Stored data
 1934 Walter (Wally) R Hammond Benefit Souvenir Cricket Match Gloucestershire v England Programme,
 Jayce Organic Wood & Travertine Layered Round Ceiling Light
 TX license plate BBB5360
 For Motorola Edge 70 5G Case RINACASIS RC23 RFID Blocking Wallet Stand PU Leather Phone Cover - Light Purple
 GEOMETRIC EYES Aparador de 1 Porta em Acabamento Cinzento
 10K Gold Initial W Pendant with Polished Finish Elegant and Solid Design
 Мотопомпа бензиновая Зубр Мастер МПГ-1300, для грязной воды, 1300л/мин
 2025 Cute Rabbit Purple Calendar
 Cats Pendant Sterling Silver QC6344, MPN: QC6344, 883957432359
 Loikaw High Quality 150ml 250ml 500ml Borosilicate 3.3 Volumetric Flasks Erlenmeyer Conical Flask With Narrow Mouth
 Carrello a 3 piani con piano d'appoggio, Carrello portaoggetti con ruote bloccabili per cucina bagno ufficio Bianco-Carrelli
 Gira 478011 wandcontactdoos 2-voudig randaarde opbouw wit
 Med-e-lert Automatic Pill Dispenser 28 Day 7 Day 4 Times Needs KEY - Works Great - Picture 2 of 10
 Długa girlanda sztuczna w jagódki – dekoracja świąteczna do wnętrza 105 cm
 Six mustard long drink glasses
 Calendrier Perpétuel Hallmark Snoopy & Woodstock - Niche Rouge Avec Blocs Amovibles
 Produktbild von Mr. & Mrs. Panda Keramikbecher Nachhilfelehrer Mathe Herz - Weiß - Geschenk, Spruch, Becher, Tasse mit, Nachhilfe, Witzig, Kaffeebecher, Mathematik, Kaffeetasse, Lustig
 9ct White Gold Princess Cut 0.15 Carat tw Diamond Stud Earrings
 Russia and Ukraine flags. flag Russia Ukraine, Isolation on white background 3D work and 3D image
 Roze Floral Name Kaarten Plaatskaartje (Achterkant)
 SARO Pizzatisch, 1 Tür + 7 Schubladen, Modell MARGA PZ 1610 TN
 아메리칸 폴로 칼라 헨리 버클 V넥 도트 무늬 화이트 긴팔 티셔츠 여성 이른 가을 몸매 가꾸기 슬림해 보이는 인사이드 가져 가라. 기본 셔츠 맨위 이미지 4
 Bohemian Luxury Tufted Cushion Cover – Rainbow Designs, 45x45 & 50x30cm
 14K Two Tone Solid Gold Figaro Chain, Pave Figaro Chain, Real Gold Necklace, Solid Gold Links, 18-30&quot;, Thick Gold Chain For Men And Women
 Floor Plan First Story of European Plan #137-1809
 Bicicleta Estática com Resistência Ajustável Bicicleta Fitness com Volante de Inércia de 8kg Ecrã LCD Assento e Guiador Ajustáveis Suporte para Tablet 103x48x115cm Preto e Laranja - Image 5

WHAT YOU ARE ASKED TO DO: Using the data above, reproduce exactly the lines between those holding "Jayce Organic Wood" and "Bohemian Luxury Tufted", inclusive, and no others.

ANSWER BOX:
 Jayce Organic Wood & Travertine Layered Round Ceiling Light
 TX license plate BBB5360
 For Motorola Edge 70 5G Case RINACASIS RC23 RFID Blocking Wallet Stand PU Leather Phone Cover - Light Purple
 GEOMETRIC EYES Aparador de 1 Porta em Acabamento Cinzento
 10K Gold Initial W Pendant with Polished Finish Elegant and Solid Design
 Мотопомпа бензиновая Зубр Мастер МПГ-1300, для грязной воды, 1300л/мин
 2025 Cute Rabbit Purple Calendar
 Cats Pendant Sterling Silver QC6344, MPN: QC6344, 883957432359
 Loikaw High Quality 150ml 250ml 500ml Borosilicate 3.3 Volumetric Flasks Erlenmeyer Conical Flask With Narrow Mouth
 Carrello a 3 piani con piano d'appoggio, Carrello portaoggetti con ruote bloccabili per cucina bagno ufficio Bianco-Carrelli
 Gira 478011 wandcontactdoos 2-voudig randaarde opbouw wit
 Med-e-lert Automatic Pill Dispenser 28 Day 7 Day 4 Times Needs KEY - Works Great - Picture 2 of 10
 Długa girlanda sztuczna w jagódki – dekoracja świąteczna do wnętrza 105 cm
 Six mustard long drink glasses
 Calendrier Perpétuel Hallmark Snoopy & Woodstock - Niche Rouge Avec Blocs Amovibles
 Produktbild von Mr. & Mrs. Panda Keramikbecher Nachhilfelehrer Mathe Herz - Weiß - Geschenk, Spruch, Becher, Tasse mit, Nachhilfe, Witzig, Kaffeebecher, Mathematik, Kaffeetasse, Lustig
 9ct White Gold Princess Cut 0.15 Carat tw Diamond Stud Earrings
 Russia and Ukraine flags. flag Russia Ukraine, Isolation on white background 3D work and 3D image
 Roze Floral Name Kaarten Plaatskaartje (Achterkant)
 SARO Pizzatisch, 1 Tür + 7 Schubladen, Modell MARGA PZ 1610 TN
 아메리칸 폴로 칼라 헨리 버클 V넥 도트 무늬 화이트 긴팔 티셔츠 여성 이른 가을 몸매 가꾸기 슬림해 보이는 인사이드 가져 가라. 기본 셔츠 맨위 이미지 4
 Bohemian Luxury Tufted Cushion Cover – Rainbow Designs, 45x45 & 50x30cm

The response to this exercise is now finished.